Safety systems and protection systems can experience
two phases of operation (standby and active); an accurate
dependability analysis must combine an analysis of both phases.
The standby mode can last for a long time, during which the safety
system is periodically tested and maintained. Once a demand occurs,
the safety system must operate successfully for the length of
demand. The failure characteristics of the system are different in
the two phases, and the system can fail in two ways:
1) It can fail to start (fail on-demand), or
2) It can fail while in active mode.
Failure on demand requires an availability analysis of components
(typically electromechanical components) which are
required to start or support the safety system.
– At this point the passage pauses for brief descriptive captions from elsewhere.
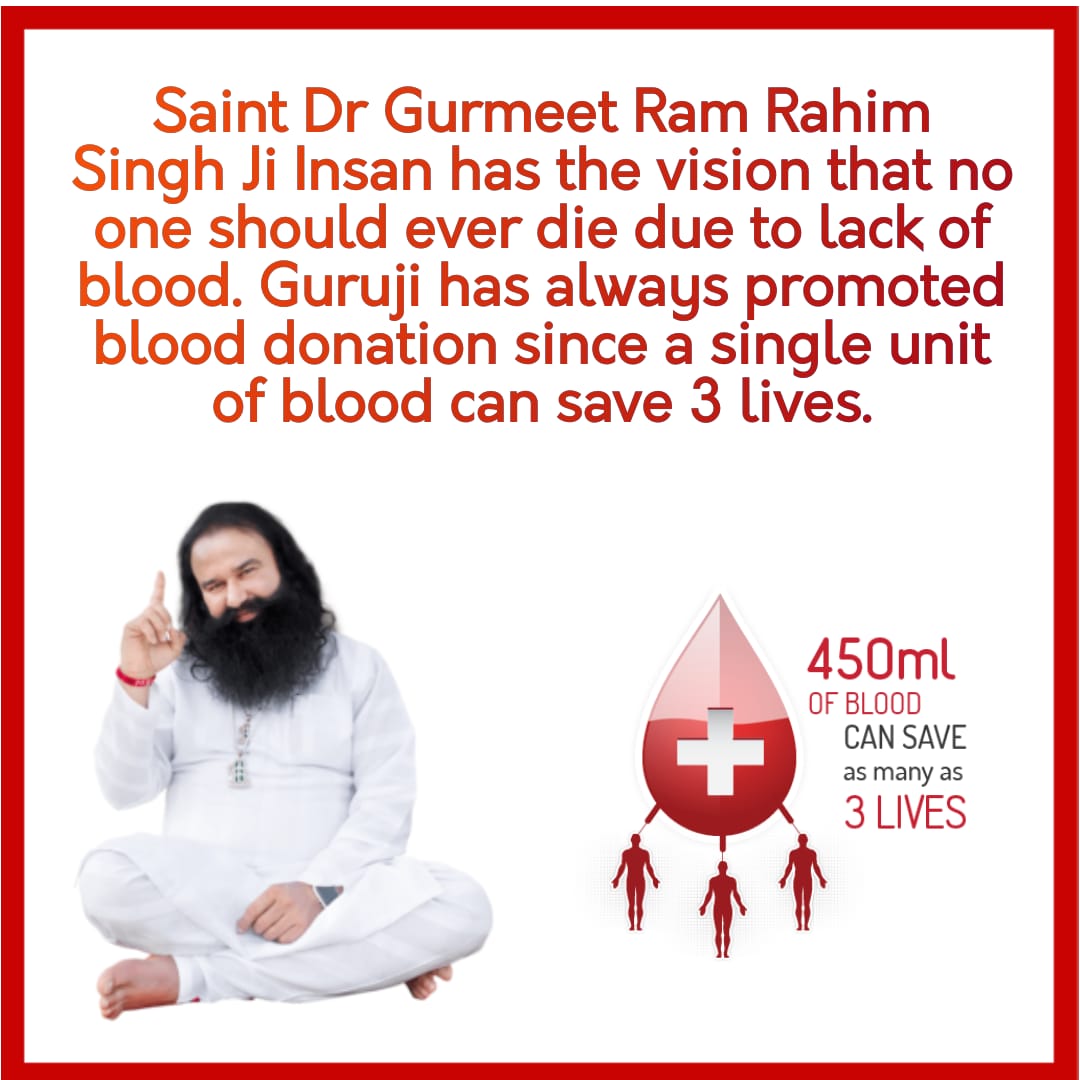 OmveerT's tweet photo. #TrueBloodPump
@derasachasauda https://t.co/w75LY1l8Yi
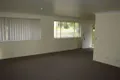 Property photo of 30 Dunoon Street Taree NSW 2430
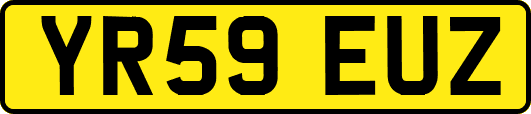 YR59EUZ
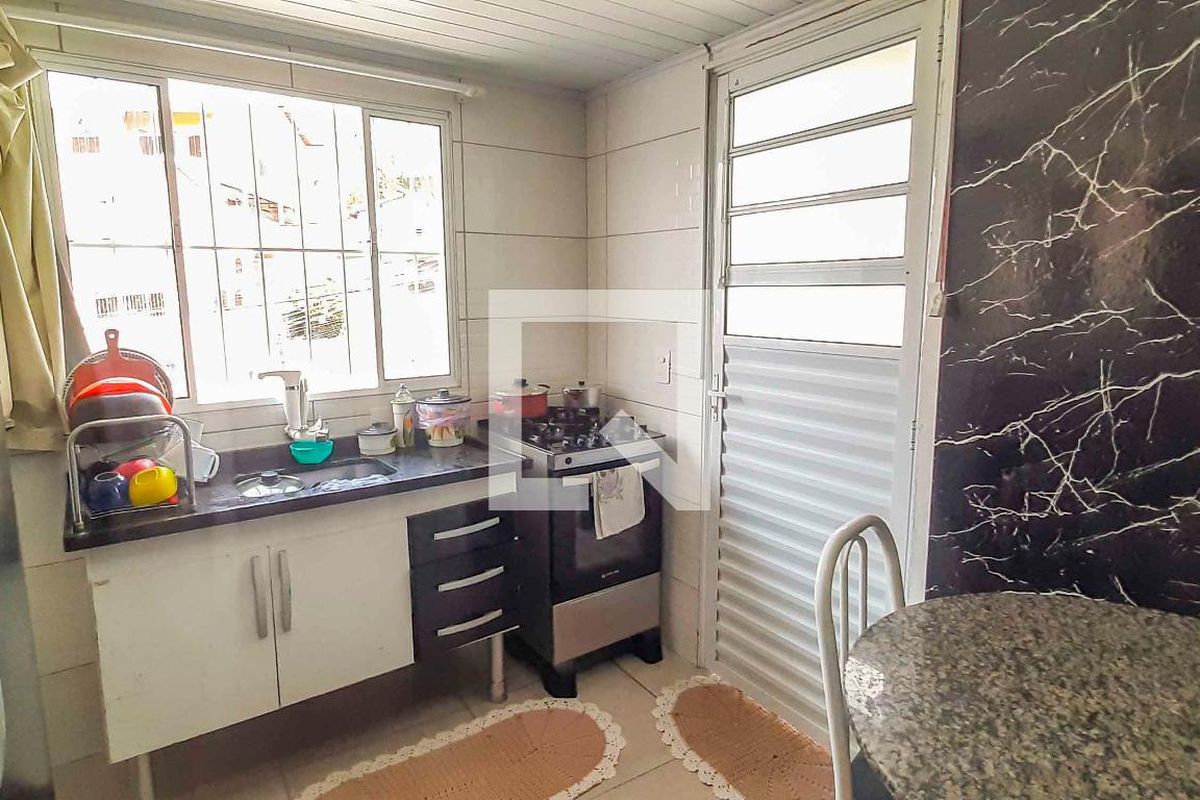 Casa, 4 quartos, 300 m² - Foto 84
These support
components are usually maintained periodically while not in
active use.
Active failure refers to the failure while running (once started)
of the active components of the safety system. These active components
can be fault tolerant and use spares or other forms of redundancy,
but are not maintainable while in use.
The approach, in this paper, automatically combines the “availability
analysis of the system in standby mode” with the “reliability
analysis of the system in its active mode.” The general approach
uses an availability analysis of the standby phase to determine the
initial state probabilities for a Markov model of the demand phase.
A detailed method is presented in terms of a dynamic fault-tree
model. A new “dynamic fault-tree construct” captures the dependency
of the demand-components on the support systems, which
are required to detect the demand or to start the demand system.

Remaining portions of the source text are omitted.